Decided On March 26, 1986
MOHAMMED Appellant
V/S
STATE OF KERALA Respondents

JUDGEMENT

(1.) THE appellant filed an application before the Forest tribunal for a declaration that an extent of 102. 78 acres of land is not a vested forest within the purview of the Kerala Private Forests (Vesting and assignment) Act, 1971 (for short'the Act' ). THE application was dismissed by the Forest Tribunal, except in regard to an extent of 2 acres which was found to be not a private forest. Hence this appeal.

(2.) THE material averments in the application are as follows: He purchased the land described therein as per Ext. Al assignment deed dated 16-1-1972 and the said land is part of an extensive area planted with rubber for which a licence was issued by the Rubber Board in 1961 in favour of the predecessors-in-title of the appellant.

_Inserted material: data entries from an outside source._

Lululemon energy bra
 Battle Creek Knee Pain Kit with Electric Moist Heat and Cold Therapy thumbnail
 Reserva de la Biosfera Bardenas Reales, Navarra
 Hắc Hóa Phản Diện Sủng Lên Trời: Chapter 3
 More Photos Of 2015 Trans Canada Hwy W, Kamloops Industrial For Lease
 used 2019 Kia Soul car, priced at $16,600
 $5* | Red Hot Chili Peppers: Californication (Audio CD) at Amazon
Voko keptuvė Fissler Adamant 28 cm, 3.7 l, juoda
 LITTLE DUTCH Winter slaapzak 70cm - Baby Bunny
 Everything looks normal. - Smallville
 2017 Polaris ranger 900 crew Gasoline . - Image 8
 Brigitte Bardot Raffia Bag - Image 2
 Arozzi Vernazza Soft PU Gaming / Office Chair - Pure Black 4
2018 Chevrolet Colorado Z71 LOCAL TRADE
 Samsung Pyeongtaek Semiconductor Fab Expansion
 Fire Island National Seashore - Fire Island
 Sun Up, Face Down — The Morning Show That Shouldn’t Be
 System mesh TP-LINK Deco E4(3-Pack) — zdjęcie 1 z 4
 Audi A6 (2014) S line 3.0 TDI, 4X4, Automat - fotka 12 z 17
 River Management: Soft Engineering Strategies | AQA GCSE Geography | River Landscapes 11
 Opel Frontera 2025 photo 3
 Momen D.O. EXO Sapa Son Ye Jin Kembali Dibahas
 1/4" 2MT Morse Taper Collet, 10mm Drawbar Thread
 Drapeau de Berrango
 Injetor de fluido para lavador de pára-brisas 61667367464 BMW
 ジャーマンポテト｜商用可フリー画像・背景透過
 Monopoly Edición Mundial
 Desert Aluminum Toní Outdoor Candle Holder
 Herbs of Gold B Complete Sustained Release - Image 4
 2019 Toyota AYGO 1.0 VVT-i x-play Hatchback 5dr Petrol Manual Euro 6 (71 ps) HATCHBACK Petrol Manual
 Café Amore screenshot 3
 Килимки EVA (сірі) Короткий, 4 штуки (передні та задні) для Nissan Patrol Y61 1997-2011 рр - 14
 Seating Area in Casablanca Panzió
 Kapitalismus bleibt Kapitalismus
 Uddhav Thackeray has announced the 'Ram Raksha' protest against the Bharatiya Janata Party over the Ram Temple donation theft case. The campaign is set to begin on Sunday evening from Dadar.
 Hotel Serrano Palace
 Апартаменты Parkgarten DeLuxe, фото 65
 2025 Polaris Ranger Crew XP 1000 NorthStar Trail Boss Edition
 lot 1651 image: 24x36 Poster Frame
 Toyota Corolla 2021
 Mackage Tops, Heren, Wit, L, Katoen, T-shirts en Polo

THE whole area was enjoyed as a full grown rubber estate by name "mahe Malappuram Estate", until it was ravaged by successive out-breaks of wild fire during the period immediately prior to Ext. Al assignment. THE appellant applied to the Rubber Board and obtained a licence for replanting rubber in this area and on the strength of the said licence planting operations were again made in the land. But due to continued labour unrest in the Estate it was not possible for the appellant to maintain the rubber plantation efficiently. Due to the lack of attention and maintenance of the rubber plants for a long period, wild growths or shrubs spread over the area and consequently major part of the rubber plantation became extinct. However a few rubber trees remain even now in the property, though in a scattered manner. When the labour disputes were settled the appellant made arrangements to replant the whole area with rubber. But at this juncture the Forest Officials obstructed the appellant from carrying on the said work on the plea that the area forms part of vested forest. As his requests to the Forest Officials to desist from obstructing him did not yield favourable results, he filed the application under S. 8 of the Act for the declaration as aforesaid.

(3.) THE recitals in Ext. Al assignment deed show that as per the licence dated 21-3-1961 granted by the Rubber Board rubber had been planted in an area or of 300 acres including the disputed land, that rubber trees were destroyed by fire which broke out before and after 1966, that no proper maintenance could be done for the upkeep of the estate and that rubber trees are standing only here and there in the property at the time of the assignment. Though the said document was executed only a few months after 10-5-1971 the Forest Tribunal held that the recitals therein about the condition of the rubber plantation can be accepted as true. Hence it was found by the Forest Tribunal that the property had been planted with rubber in 1961 and that several rubber trees were destroyed by fire before and after 1966. THE tribunal took note of the fact that even R. W. I, the only witness examined on behalf of the respondents had not denied the above facts, but on the other hand r. W. 1 admitted that he had heard about the planting of rubber in this area and about their destruction by fire. Ext. A13 is an application for registration of a rubber estate filed by the appellant before the Rubber Board on 5-3-1973 for planting rubber in an area of 31. 57 hectares. THE Rubber Board made an endorsement in Ext. A13 treating the application as registered in the office of the Rubber Board on 25-5-1973. THE Forest Tribunal also noted from Ext. A13 that the appellant had planted rubber in the said portion soon after the assignment in 1972. But the Forest Tribunal found it difficult to accede to the appellant's claim because there were only "very few rubber trees in the property on 10-5-1971" and as such the Tribunal could not hold that the land was used principally for the cultivation of rubber as on 10-5-1971.